If a backward-compatible change isn’t possible, update the lower SDK constraint.

Test your changes to make sure that your package works as expected.

Upper constraints on the SDK version

Don’t update an already-published package solely to indicate that it can be used with Dart 2 pre-releases. As long as a package has either no SDK constraints or an upper constraint of <2.0.0, pub get and similar pub commands in any Dart 2 pre-release can download the package. (The package won’t be usable with Dart 2 stable releases, but you can fix that later.)

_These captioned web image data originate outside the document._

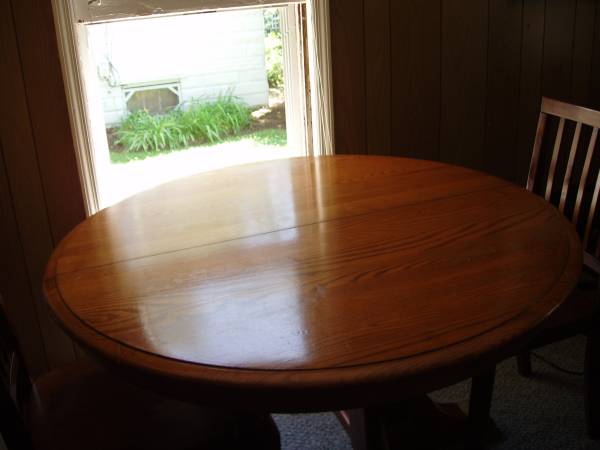 S. Bent & Bros. Solid Dining Table & 4 Chairs w/ Two Extension boards 1
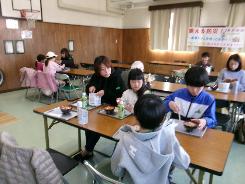 みんなで食べている様子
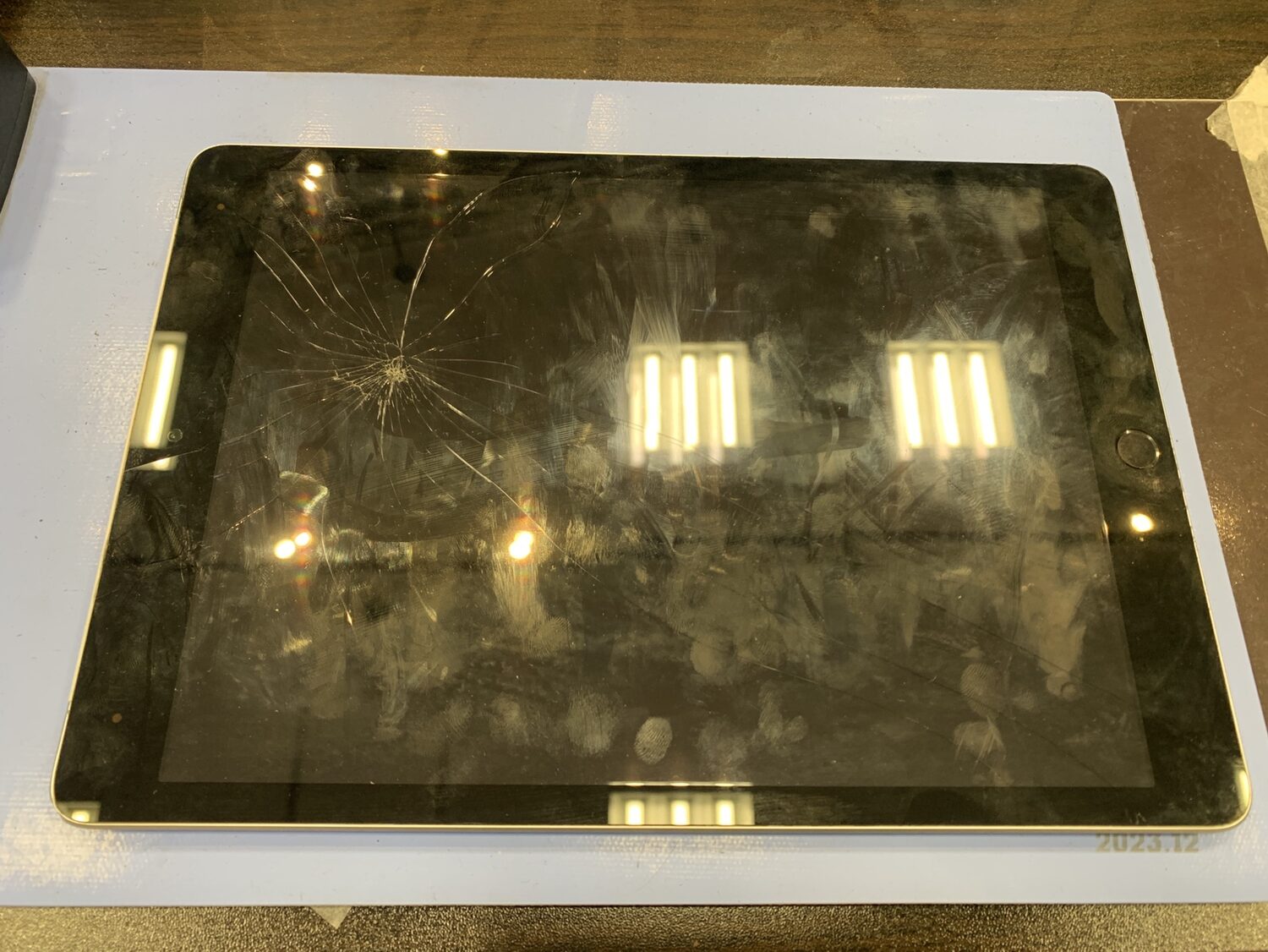 【修理実例】iPad9フロントガラス交換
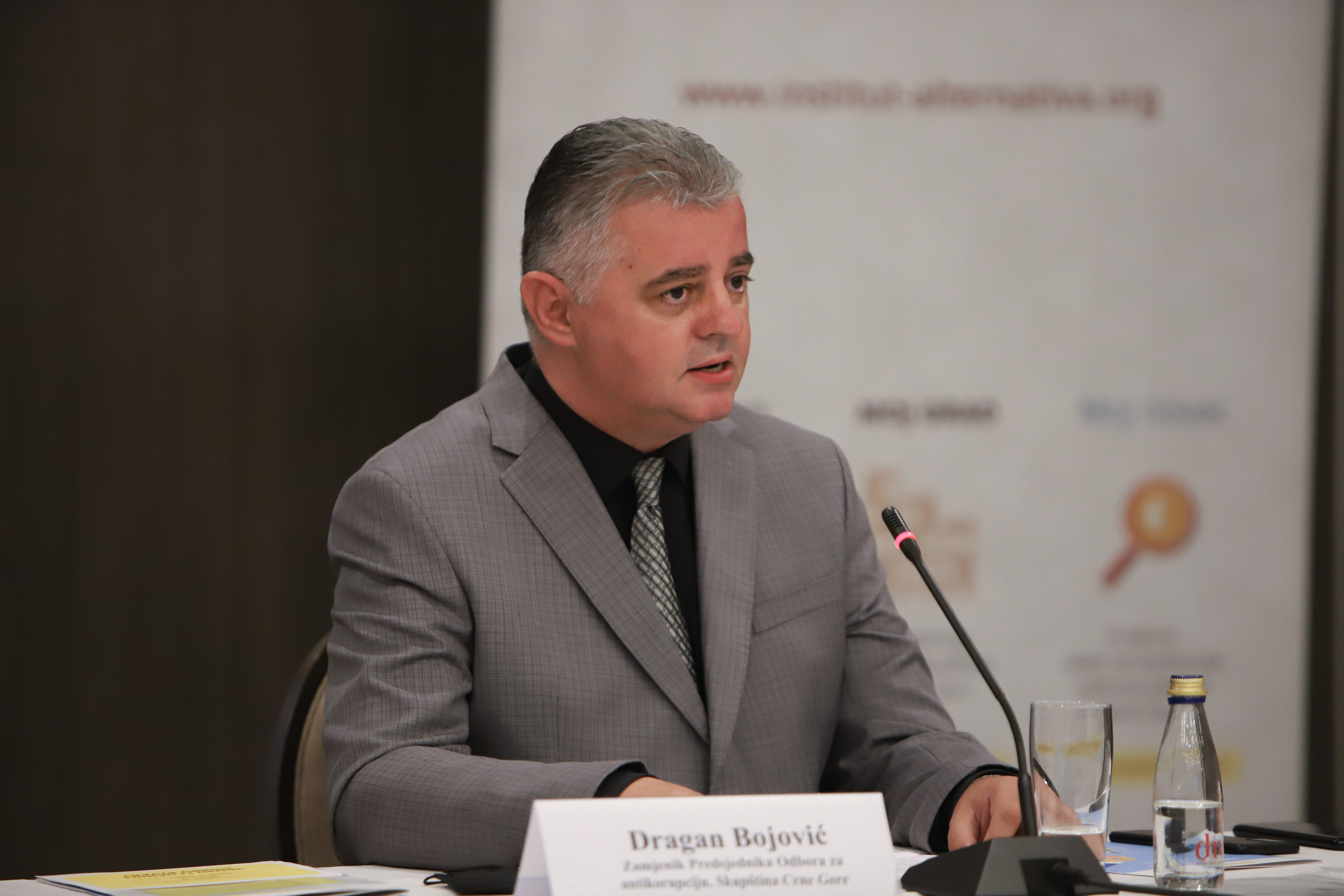 ПРОМОЦИЈА КЊИЖЕВНОГ СТВАРАЛАШТВА ДРАГАНА БОЈОВИЋА НА 15. МЕЂУНАРОДНОМ ПОДГОРИЧКОМ САЈМУ КЊИГА И ОБРАЗОВАЊА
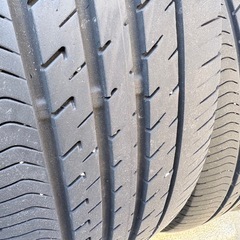 プリウス　サマーたいやタイヤの画像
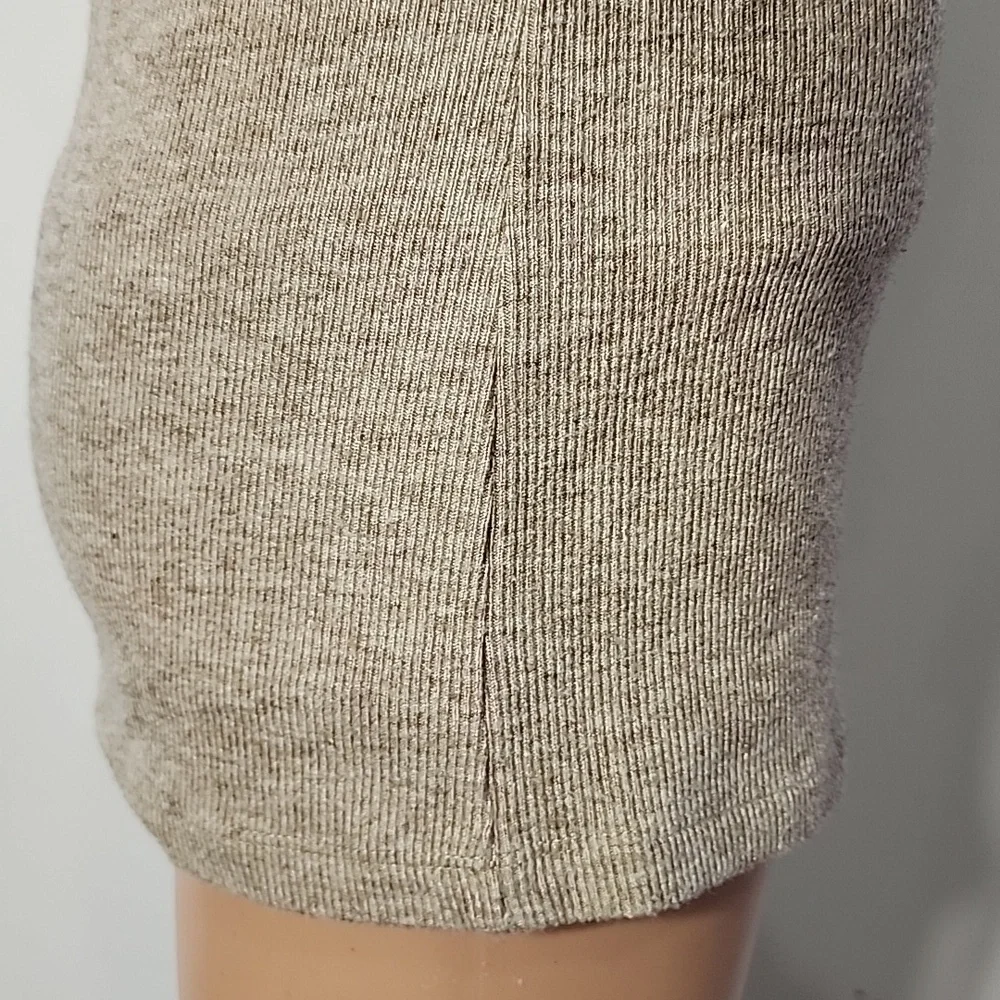 Doe & Rae Womens Mock Neck Ribbed Tan Sweater Top long sleeve Size‎ M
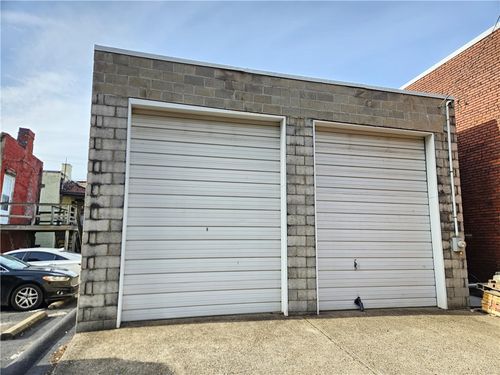 3503 Mulberry Way, Pittsburgh, PA, 15201-1932 | Card Image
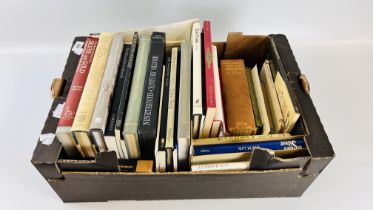 A BOX CONTAINING APPROXIMATELY 30 GOLD AND SILVER REFERENCE BOOKS.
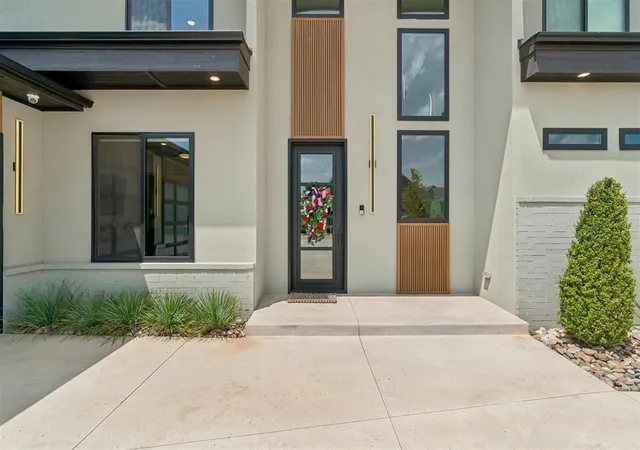 Photo 3 of Single family home for sale at 2025 Colonial Way, Edmond, OK 73025 | MLS# 1248586 | Listing updated on 2026-09-30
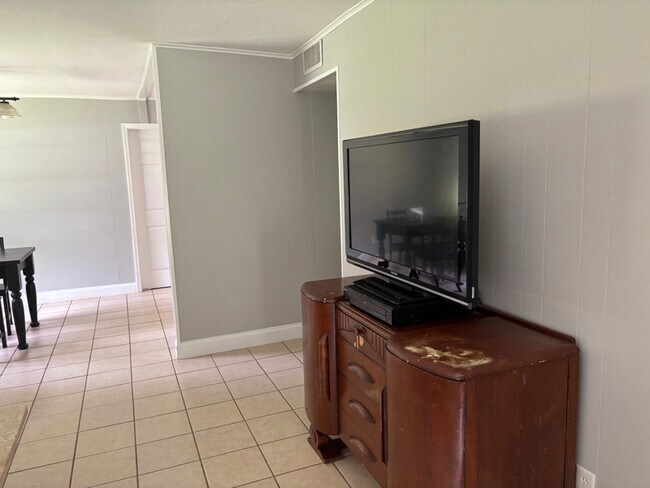 Foto del edificio - 4815 SW 46th St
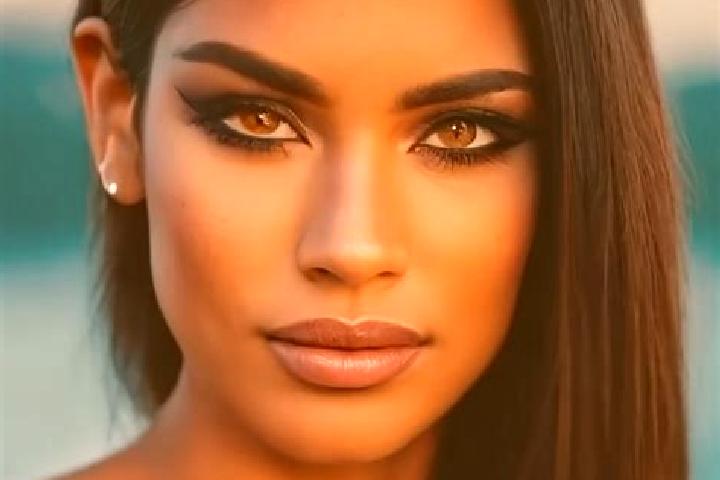 Ruby, 23, a black amber-eyed latina companion based in Pluguffan. Offering Couples, Domination. Available for incall and outcall, day and evening dates.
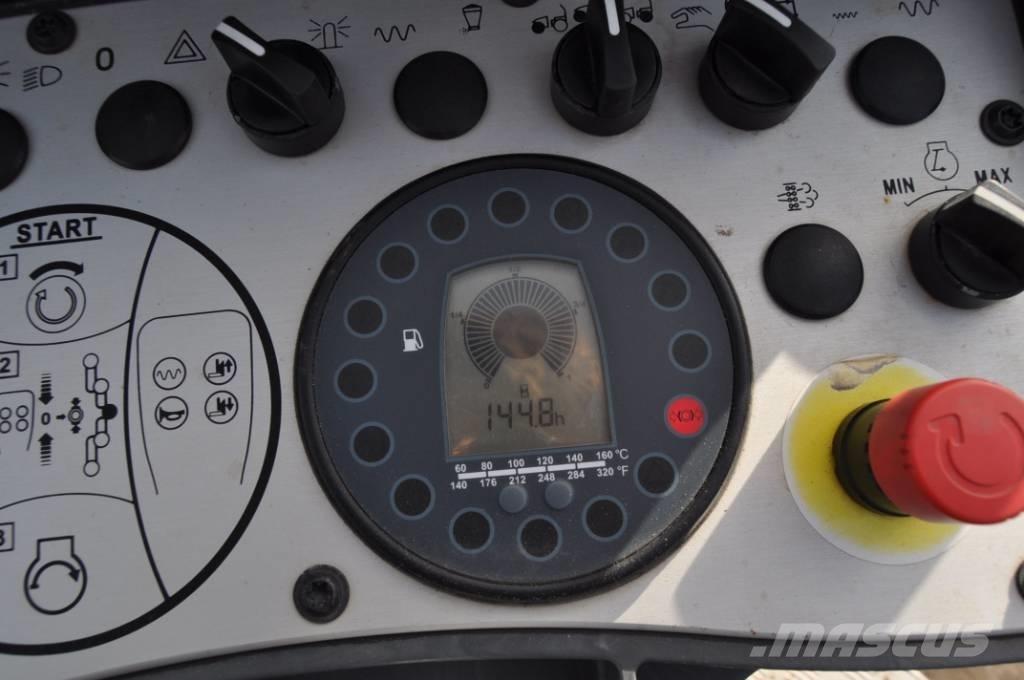 Bomag BW 120 AD-5 タンデムローラ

When you update an existing package or publish a new one, specify an upper constraint of <2.0.0 for the SDK version. Examples:

# Works in 1.20.1+; might work in 2.0.0-dev:
sdk: '>=1.20.1 <2.0.0'

# Backward incompatible change requires at least 2.0.0-dev.1.2:
sdk: '>=2.0.0-dev.1.2 <2.0.0'

Eventually, you’ll need to publish new versions of your packages to declare Dart 2 compatibility, most likely using a <3.0.0 SDK constraint. Because incompatible changes might occur in any Dart 2 pre-release, don’t declare Dart 2 compatibility until we announce that it’s safe to do so.


If you publish packages, get ready for Dart 2:

  • Make it easy for users to report issues.
  • Respond quickly to issues.
  • Avoid unnecessary incompatibility.
  • Specify the correct SDK constraints.
  • Test your packages.

Testing with Dart 2 pre-releases

To test your code with Dart 2, you can use a pre-release of the Dart 2 SDK.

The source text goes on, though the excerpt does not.